The majority goes on to deny qualified immunity for keeping the handcuffs on after the boy was found to have no weapons. Such a denial of qualified immunity requires not only that it was unconstitutional to keep him handcuffed until the house was searched and his father was arrested, but also that any reasonable officer should have known that it was unconstitutional.6 This strikes me as bizarre, because no case supports the proposition that keeping an individual handcuffed during a search is unconstitutional except for our decision7 reversed in Muehler,8
The majority should not reach the Federal Tort Claims Act issues, because Tekle’s brief does not raise them.9 He argues exclusively that the officers violated his constitutional rights, not that they violated his state law rights. Reaching beyond Tekle’s argument, and deciding tort law questions that he did not argue, strikes me as an especially unwise exercise of discretion in this case, because the civilian torts are a bad fit in cases where law enforcement officers execute a search warrant.

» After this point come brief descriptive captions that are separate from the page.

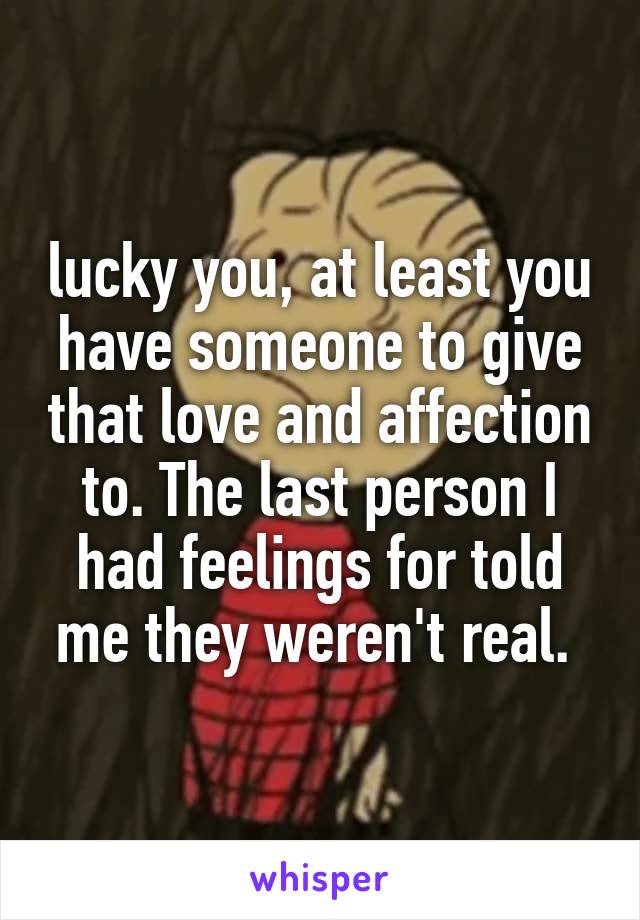 lucky you, at least you have someone to give that love and affection to. The last person I had feelings for told me they weren't real. 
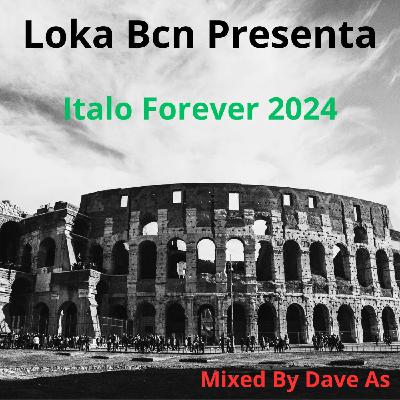 Italo Forever 2024 - Mixed By Dave As Italo Forever 2024 - Mixed By Dave As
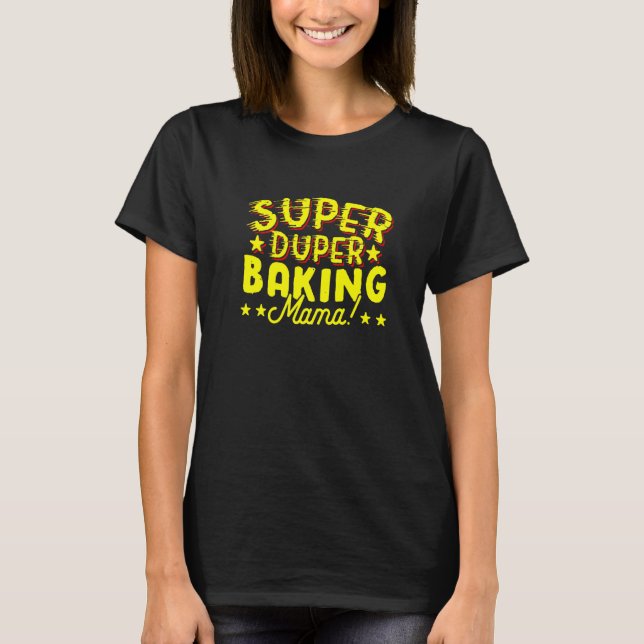 Super Duper Bagande Mamma T Shirt (Framsida)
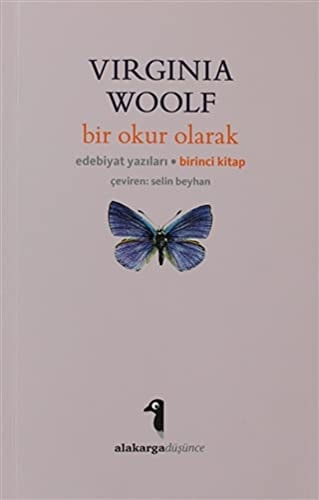Bir Okur Olarak Edebiyat Yazilari 1. Kitap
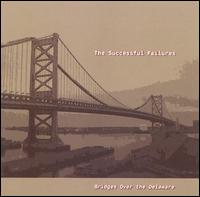 Bridges Over The Delaware von The Successful Failures
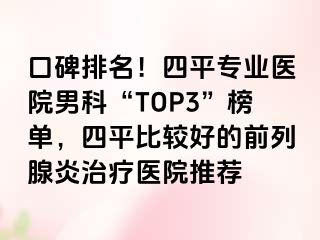口碑排名！四平专业医院男科“TOP3”榜单，四平比较好的前列腺炎治疗医院推荐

Analyzing the case as if the officers were private persons who had not been commanded by a court to search a residence and arrest a man is an unreasonable application of United States v. Olson.10 And there is no good reason to make all this dubious law, especially where appellant has not asked us to.

. See, e.g., Meredith v. Erath, 342 F.3d 1057, 1061 (9th Cir.2003) (Holding that forcibly throwing a woman to the ground and twisting her arms while handcuffing her amounted to excessive force because it was unnecessary).

. See, e.g., Headwaters Forest Defense v. County of Humboldt, 276 F.3d 1125, 1130-31 (9th Cir.2002).

. Mena v. City of Simi Valley, 332 F.3d 1255 (9th Cir.2003) rehearing and rehearing en banc denied, 354 F.3d 1015 (9th Cir.2004) (Kleinfeld, J., dissenting).

. Muehler v. Mena, 544 U.S. 93, 125 S.Ct. 1465, 161 L.Ed.2d 299 (2005).

. Id. at 95, 125 S.Ct. 1465.

. Harlow v. Fitzgerald, 457 U.S. 800, 818, 102 S.Ct. 2727, 73 L.Ed.2d 396 (1982) (Holding that government officials are entitled to qualified immunity in performing their discretion-aiy functions unless their actions "violate clearly established statutory or constitutional rights of which a reasonable person would have known.”).

. Mena v. City of Simi Valley, 332 F.3d 1255 (9th Cir.2003).

. Muehler v. Mena, 544 U.S. 93, 125 S.Ct. 1465, 161 L.Ed.2d 299 (2005).

. Kim v. Kang, 154 F.3d 996, 1000 (9th Cir.1998) ("[W]e will not ordinarily consider matters on appeal that are not specifically and distinctly argued in appellant's opening brief.”).

. United States v. Olson, - U.S. -, 126 S.Ct. 510, 163 L.Ed.2d 306 (2005).